Portanto, convertemo-nos em aprendizes de bruxo quando fazemos crer que sabemos tudo. A maioria dos genes influem em centenas de caracteres, patológicos ou não, de um modo que não sabemos. Além disso, influi-lhes o ambiente com os factores epigenéticos. Não sabemos em absoluto até onde vamos.
Menciono Darwin para recordar que, segundo as leis da evolução, sabemos que nos períodos de crise e de catástrofes uma espécie sobrevive só graças a diferentes genomas. Deste modo, numa população haverá indivíduos que são capazes de resistir. O exemplo mais conhecido é o da peste da Idade Média. Nas aldeias, 30% dos indivíduos conseguiu sobreviver, certamente por razões genéticas que ainda desconhecemos.
Com a mudança climática, poderiam propagar-se muito rápido novas enfermidades que nos achariam não preparados e indefensos. E neste contexto fabricar indivíduos geneticamente similares entre eles é correr o risco de assinar a sentença de morte da espécie no arco de dois ou três séculos.
- Você critica certas tendências da medicina. No campo da procriação, está-se superando o limite da legitimidade?
- De maneira muito clara. Quando, por exemplo, os ginecólogos franceses podem congelar os óvulos das mulheres que não tem nenhum problema, só porque por causa da sua carreira ou outro motivo não querem ter filhos quando são jovens, é evidente que não se trata de um problema médico. É uma questão social. Pode-se, por exemplo, impor ao chefe da empresa que não impeça a ascensão profissional das mulheres com crianças.
Não é competência dos médicos resolver a situação com artifícios deste tipo.
Paralelamente, é também verdade que hoje em França 25% dos pares que solicitam uma fecundação in vitro não a necessitam verdadeiramente. Seria suficiente que esperassem um pouco.
- Estes abusos estão baseados às vezes numa visão discutível ou distorcida da igualdade?
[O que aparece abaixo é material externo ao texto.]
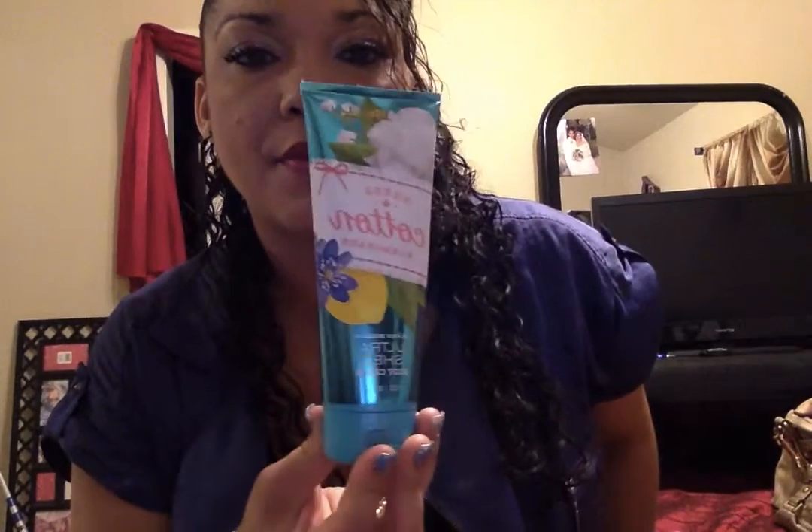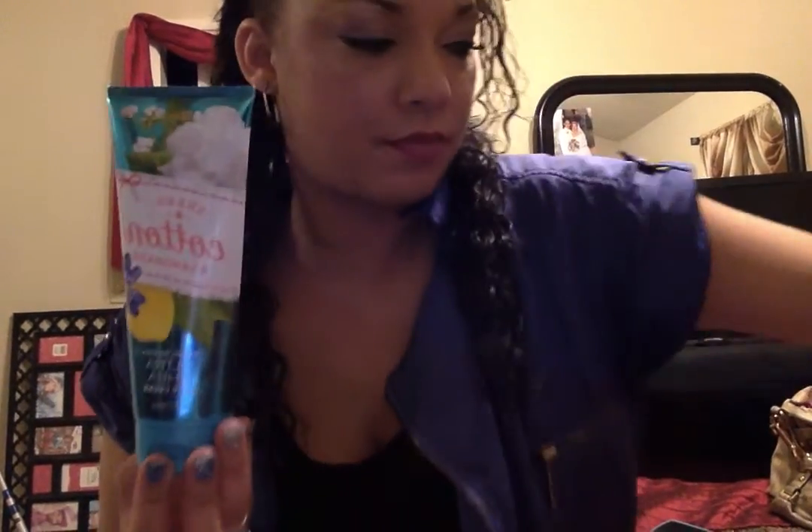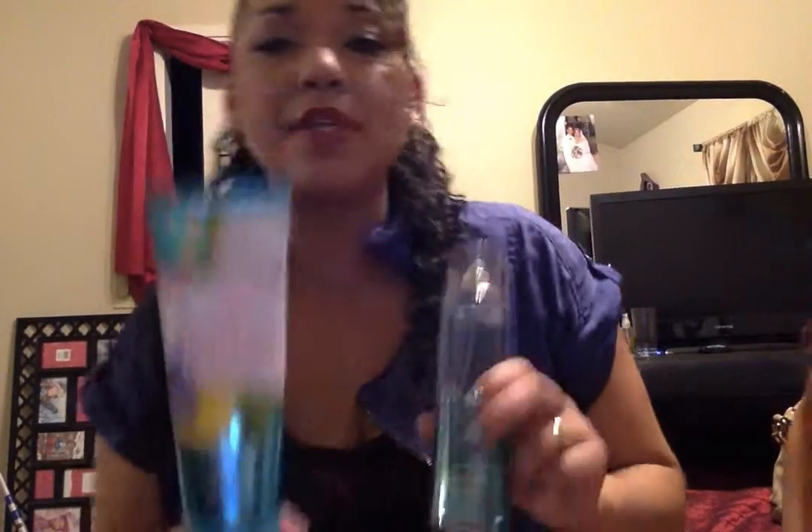See what happens when you leave a child by the camera. Last month I was trying to compare Sea Island Cotton to the Sheer Cotton Lemonade. They're pretty similar, but this is more of a laundry scent, in a sense.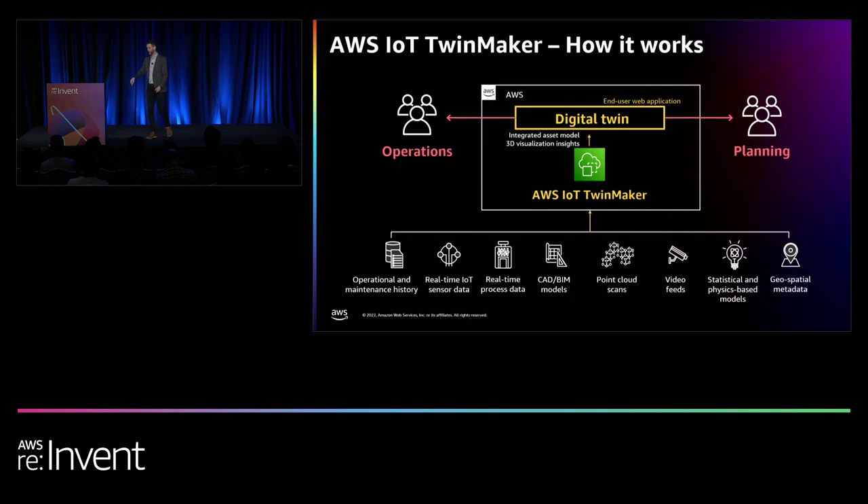A year ago at re:Invent, we launched into preview AWS IoT TwinMaker to address some of this undifferentiated heavy lifting. Customers don't want to lift and shift all their data into a new platform. So what we built with TwinMaker is a connector suite allowing customers to connect to various data sources — time series and relational — where they live. Using event-driven compute via Lambda, we can reach into those data sources, pull data, and get the context to model physical assets or processes together.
- Certamente. Por exemplo, no caso das mulheres que pedem que se congelem os seus próprios óvulos. Invoca-se uma presumível desigualdade em relação aos homens, que teoricamente são férteis toda a vida. Os ginecólogos pretendem compensar esta desigualdade com a técnica.
- As velhas tentações titânicas humanas associam-se, hoje, a lógicas mercantilistas a grande escala?
- Exactamente. Há uma convergência e muito poucos políticos se dão conta disso. Entre estes, os únicos que entendem o que digo e oferecem um pouco de resistência são os católicos. Pessoalmente, isto aflige-me. Sou um homem de esquerdas e exponho-me às troças dos meus amigos quando digo isto. Nem sequer quer falar disso.
- Entre os pensadores que você cita também há muitos cristãos, como Ivan Illich ou Jacques Ellul…
- A este propósito, digo a mim mesmo que não se pode fugir da própria cultura. Não recebi nenhum tipo de educação religiosa, mas pertenço à cultura judaico-cristã, sem ser directamente judeu-cristão.
Além disso, constato que as grandes religiões não conceberam por casualidade certas propostas comuns pelo bem da humanidade. Este é o modo para conseguir viver em sociedade, se bem historicamente talvez houve nisso algo de oportunismo.